Flat Segment Tree

Overview

Flat segment tree is a derivative of segment tree, and is designed to store non-overlapping 1-dimensional range values such that the values of the neighboring ranges are guaranteed to be different. An insertion of a range value into this structure will always overwrite one or more existing ranges that overlap with the new range. If an insertion of a new range would cause any adjacent ranges to have the equal value, those ranges will be merged into one range.

An instance of this structure is initialized with fixed lower and upper bounaries, which will not change throughout the life time of the instance.

The flat segment tree structure consists of two parts: the leaf-node part which also forms a doubly-linked list, and the non-leaf-node part which forms a balanced-binary tree and is used only when performing tree-based queries. The range values are stored in the leaf-nodes, while the non-leaf nodes are used only for queries.

Quick start

This section demonstrates a simple use case of storing non-overlapping ranged values and performing queries using flat_segment_tree.

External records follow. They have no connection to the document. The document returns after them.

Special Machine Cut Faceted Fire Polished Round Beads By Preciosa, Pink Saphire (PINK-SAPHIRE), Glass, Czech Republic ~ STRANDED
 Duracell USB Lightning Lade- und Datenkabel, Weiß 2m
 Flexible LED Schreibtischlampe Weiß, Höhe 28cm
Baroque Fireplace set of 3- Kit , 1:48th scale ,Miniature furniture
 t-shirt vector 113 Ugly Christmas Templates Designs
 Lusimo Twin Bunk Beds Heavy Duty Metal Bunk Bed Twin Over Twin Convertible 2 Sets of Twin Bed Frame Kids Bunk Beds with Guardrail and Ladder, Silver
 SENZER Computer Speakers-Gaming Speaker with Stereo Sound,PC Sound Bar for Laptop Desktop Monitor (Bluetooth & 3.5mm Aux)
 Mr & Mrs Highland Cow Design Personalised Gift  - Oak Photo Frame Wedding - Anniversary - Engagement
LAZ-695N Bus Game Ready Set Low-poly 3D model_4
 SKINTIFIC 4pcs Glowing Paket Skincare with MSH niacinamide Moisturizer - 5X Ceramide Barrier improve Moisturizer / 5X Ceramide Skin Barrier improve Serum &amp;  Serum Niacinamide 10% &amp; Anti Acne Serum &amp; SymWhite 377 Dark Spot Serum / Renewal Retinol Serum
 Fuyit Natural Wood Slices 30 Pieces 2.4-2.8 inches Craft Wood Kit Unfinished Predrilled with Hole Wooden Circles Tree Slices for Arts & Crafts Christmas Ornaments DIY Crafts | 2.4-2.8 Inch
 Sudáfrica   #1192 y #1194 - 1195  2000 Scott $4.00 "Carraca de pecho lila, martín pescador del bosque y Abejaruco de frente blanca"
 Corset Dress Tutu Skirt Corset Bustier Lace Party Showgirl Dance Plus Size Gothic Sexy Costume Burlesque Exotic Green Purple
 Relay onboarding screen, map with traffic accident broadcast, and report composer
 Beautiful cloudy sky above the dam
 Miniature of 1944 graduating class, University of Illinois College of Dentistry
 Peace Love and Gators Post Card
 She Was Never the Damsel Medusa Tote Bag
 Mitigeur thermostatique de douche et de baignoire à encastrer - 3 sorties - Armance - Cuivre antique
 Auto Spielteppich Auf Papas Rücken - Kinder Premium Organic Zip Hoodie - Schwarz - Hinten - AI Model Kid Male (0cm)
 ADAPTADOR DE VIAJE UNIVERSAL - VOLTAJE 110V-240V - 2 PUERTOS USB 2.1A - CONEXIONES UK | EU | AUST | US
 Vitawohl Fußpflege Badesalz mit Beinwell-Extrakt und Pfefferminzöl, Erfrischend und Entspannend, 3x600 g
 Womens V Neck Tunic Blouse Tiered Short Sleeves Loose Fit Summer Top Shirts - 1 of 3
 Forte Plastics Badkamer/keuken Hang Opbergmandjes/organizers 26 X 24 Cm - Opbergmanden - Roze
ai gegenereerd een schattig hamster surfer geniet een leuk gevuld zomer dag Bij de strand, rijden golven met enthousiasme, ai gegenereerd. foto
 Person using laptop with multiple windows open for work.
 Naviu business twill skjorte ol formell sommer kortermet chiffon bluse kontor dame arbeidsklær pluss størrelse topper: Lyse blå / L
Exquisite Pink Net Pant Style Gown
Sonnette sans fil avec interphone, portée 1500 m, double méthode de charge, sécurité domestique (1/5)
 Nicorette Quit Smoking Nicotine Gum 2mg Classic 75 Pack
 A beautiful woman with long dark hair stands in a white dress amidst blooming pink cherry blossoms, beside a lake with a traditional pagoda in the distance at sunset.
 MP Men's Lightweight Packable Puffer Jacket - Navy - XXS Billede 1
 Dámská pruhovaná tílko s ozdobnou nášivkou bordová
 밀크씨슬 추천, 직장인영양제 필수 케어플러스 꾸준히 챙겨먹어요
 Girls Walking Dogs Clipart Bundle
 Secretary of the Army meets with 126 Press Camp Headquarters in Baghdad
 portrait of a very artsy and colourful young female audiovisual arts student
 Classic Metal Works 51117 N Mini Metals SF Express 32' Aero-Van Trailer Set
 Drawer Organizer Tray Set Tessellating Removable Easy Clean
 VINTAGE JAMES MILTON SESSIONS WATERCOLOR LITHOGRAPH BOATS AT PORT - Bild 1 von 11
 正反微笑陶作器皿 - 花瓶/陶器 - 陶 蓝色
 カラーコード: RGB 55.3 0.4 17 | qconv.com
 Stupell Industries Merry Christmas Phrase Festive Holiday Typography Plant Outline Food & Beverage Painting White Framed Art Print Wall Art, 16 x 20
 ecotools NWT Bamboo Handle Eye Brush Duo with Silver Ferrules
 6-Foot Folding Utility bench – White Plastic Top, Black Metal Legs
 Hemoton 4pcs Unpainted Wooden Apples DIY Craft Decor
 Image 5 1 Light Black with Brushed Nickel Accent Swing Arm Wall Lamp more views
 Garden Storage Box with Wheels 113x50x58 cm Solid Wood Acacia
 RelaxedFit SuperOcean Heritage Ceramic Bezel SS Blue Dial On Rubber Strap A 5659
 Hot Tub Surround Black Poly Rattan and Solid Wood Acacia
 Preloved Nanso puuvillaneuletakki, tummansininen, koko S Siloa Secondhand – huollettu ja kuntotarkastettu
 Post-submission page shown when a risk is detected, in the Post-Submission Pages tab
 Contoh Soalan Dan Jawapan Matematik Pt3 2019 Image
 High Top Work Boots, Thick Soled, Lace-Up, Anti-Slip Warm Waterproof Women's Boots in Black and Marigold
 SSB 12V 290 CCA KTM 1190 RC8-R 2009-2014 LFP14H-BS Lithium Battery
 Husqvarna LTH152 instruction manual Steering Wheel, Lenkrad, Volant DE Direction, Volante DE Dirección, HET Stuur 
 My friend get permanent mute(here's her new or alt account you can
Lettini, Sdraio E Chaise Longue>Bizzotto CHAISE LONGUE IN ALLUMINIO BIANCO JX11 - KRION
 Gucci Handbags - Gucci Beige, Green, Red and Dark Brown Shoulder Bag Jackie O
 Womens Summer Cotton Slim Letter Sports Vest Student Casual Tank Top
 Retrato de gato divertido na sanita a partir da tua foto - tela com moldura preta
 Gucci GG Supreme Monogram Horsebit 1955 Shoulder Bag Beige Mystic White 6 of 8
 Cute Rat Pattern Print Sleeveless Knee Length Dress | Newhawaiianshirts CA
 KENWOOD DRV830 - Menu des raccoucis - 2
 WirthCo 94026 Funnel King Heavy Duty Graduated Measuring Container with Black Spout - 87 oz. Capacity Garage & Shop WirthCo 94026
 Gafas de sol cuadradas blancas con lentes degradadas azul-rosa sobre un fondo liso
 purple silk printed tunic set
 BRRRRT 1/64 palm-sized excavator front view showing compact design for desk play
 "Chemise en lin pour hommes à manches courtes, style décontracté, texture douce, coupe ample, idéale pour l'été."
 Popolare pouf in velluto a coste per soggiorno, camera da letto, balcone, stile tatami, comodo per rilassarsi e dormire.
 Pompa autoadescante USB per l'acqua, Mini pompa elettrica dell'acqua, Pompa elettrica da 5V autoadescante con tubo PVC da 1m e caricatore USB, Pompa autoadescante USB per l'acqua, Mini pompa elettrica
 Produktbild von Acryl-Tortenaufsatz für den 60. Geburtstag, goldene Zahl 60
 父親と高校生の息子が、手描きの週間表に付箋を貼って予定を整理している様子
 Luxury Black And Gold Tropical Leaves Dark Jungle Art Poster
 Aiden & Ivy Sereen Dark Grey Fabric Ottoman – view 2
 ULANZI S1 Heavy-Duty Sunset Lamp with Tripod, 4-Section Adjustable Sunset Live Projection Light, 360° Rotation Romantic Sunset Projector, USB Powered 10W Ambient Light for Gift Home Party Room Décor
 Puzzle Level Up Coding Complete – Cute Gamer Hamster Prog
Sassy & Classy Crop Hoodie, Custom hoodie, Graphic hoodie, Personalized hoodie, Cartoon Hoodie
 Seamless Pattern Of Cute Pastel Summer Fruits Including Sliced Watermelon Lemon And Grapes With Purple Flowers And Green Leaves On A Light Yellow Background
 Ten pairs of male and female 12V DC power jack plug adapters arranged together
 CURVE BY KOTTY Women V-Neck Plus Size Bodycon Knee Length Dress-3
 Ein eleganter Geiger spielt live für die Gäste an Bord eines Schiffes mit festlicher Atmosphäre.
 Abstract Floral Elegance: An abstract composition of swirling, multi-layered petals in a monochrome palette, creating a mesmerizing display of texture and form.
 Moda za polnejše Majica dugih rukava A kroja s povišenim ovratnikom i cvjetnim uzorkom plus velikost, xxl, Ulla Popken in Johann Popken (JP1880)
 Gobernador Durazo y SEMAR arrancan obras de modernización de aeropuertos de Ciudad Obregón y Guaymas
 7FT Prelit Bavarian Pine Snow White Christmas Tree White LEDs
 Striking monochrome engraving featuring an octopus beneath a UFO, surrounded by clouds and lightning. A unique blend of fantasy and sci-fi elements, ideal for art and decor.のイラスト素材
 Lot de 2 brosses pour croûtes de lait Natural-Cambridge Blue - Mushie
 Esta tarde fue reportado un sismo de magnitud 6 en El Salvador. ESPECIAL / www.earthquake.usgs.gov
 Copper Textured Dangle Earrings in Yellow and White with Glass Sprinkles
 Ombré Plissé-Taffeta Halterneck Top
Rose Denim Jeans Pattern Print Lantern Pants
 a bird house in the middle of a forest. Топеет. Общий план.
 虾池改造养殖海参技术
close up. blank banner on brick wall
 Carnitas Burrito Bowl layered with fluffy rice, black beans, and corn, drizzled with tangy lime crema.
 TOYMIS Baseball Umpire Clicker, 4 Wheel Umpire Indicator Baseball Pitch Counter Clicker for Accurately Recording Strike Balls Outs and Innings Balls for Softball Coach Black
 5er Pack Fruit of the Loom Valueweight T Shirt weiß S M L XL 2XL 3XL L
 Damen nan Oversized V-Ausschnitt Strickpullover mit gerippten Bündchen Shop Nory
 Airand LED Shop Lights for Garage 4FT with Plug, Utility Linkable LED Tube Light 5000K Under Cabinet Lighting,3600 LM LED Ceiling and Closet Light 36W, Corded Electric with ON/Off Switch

First, we need to instantiate a concrete type from the template:

using fst_type = mdds::flat_segment_tree<long, int>;

then create an instance of this type:

// Define the begin and end points of the whole segment, and the default
// value.
fst_type db(0, 500, 0);

Here, the first and second arguments specify the lower and upper boundaries of the whole segment. The third argument specifies the value for the empty segments. What this line does is to create a new instance and initializes it with one initial segment ranging from 0 to 500 with a value of 0:

_images/fst-example1-initial.svg

The new instance is initialized with an initial segment.

Internally, this initial range is represented by two leaf nodes, with the first one storing the start key and the value for the segment both of which happen to be 0 in this example, and the second one storing the end key of 500. Note that the end key of a segment is not inclusive.

The following lines insert two new segments into this structure:

db.insert_front(10, 20, 10);
db.insert_back(50, 70, 15);

The first line inserts a segment ranging from 10 to 20 with a value of 10, and the second line from 50 to 70 with a value of 15:

_images/fst-example1-insert1.svg

Two new segments have been inserted.

You can insert a new segment either via insert_front() or insert_back(). The end result will be the same regardless of which method you use; the difference is that insert_front() begins its search for the insertion point from the first node associated with the minimum key value, whereas insert_back() starts its search from the last node associated with the maximum key value.

After the insertions, the tree now contains a total of six leaf nodes to represent all stored segments. Note that one leaf node typically represents both the end of a segment and the start of the adjacent segment that comes after it, unless it’s either the first or the last node.

The next line inserts another segment ranging from 60 to 65 having a value of 5:

db.insert_back(60, 65, 5);

As this new segment overlaps with the existing segment of 50 to 70, it will cut into a middle part of that segment to make room for the new segment. At this point, the tree contains a total of eight leaf nodes representing seven segments:

_images/fst-example1-insert2.svg

A new segment has been inserted that overlaps an existing non-empty segment.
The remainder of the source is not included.